Fonso had traveled the world. Moved to Africa when he got out of college then to Florida after, so he could surf. He would take me down to my grandmothers basement, where all the boxes of old books I would dig through were, and the discarded appliances that were either outdated or broken sat, waiting for my grandfathers magical hand to cure them of their ills. There was a dusty dartboard and a ping-pong table, covered in the junk of an entire generation. I think my uncles use to hang out there when they were in their teens. There was a couch in the corner, where I bet they sat and bragged about the girls they dated. Above this couch was a rack and on that rack was a thousand surfboards.
He would stroke their edges and tell me stories. Letting his hand search the body of the board, the curves of it, the cracks and dents that held the memory of each wave he crashed into, and explaining to me how he felt a man should live. I would only half listen most of the time, never fully giving in to his arrogance, distracted by his booming voice. I would wait for him to get bored with his audience, and study the mess for monsters. It was scary down there.
Sometimes he would take me to play Frisbee, all the while encouraging me to throw better, then screaming, “Yes! Now you’re getting it!” when I executed a good toss.
One time I passed Fonso and some men sitting on he stoop of a neighbor’s house while walking home from school. He stopped me as I walked along, or maybe it was I that stopped to talk to him and his friends, hoping to be cool, a man, for a brief instant before I took off my catholic school uniform, I don’t remember. It doesn’t matter. As I was about to leave he grabbed my shoulders and turned me away from him, then he opened my backpack and put something in it. He turned me around.
-Take that home with you. And DON’T LOOK AT IT!
I nodded my head absently, and walked away.
When I got out of eyeshot I looked in the bag.

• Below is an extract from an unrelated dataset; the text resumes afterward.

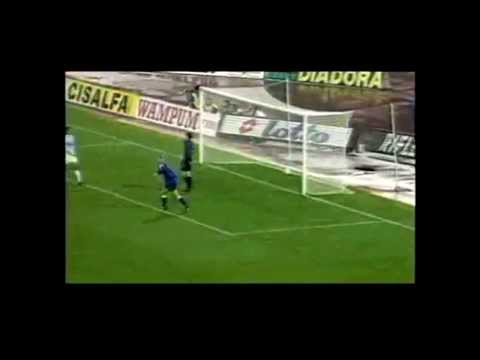 Del Piero vs. Lazio (11.12.1994)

It was a knife. Huge and jagged. The kind you would kill a deer with. It was long and thick and steel and it had a black grip molded to fit a large hand. So it could be held tightly while ripping something like say, guts, from a body.
I freaked out. An rush of violence shivered in my blood. I almost began to cry. I was seven.
I don’t know why, maybe it was the sly look he gave or the smirk he wore or the condescending way he would interrogate me about what I knew of girls, but I didn’t want to be involved with whatever he was doing. He had been arrested before. My mother had told me he’d shot a cop in self-defense. That it wasn’t his fault but what could a black man do in this system? I knew the score. He’d shot a cop. He’d did his time. I still didn’t want his knife in my bag.
So I walked back to where he was. Gigantic bubbles of snot in my nose. Humongous tears swelling in my eyes. And told him I couldn’t do it, and dropped my bag at his feet.
-Awwww, he laughed. You looked inside.
I held my head low, falling. He grabbed my neck and pulled me towards him.
-It’s ok little buddy. Go home. I’ll bring the bag. He let me go and I ran to my grandmothers. The door was unlocked.
Fonso let me read his porno magazines. His was the first ones I’d ever saw. He kept them under his bed and I’d sneak into his room and read them when he wasn’t home. One day he caught me and instead of freaking out, just laughed and let me be, but not before nervously saying, -don’t let your grandmother know you’re looking at those.
When the family and me “broke up,” I knew that if I called and he answered everything would be ok. Not because I trust him, but because I know he isn’t trusted, so we would be in the same boat.
Last time I saw him, he had lost an eye in a fight. He still bragged about all the women he had though, and I still only half listened.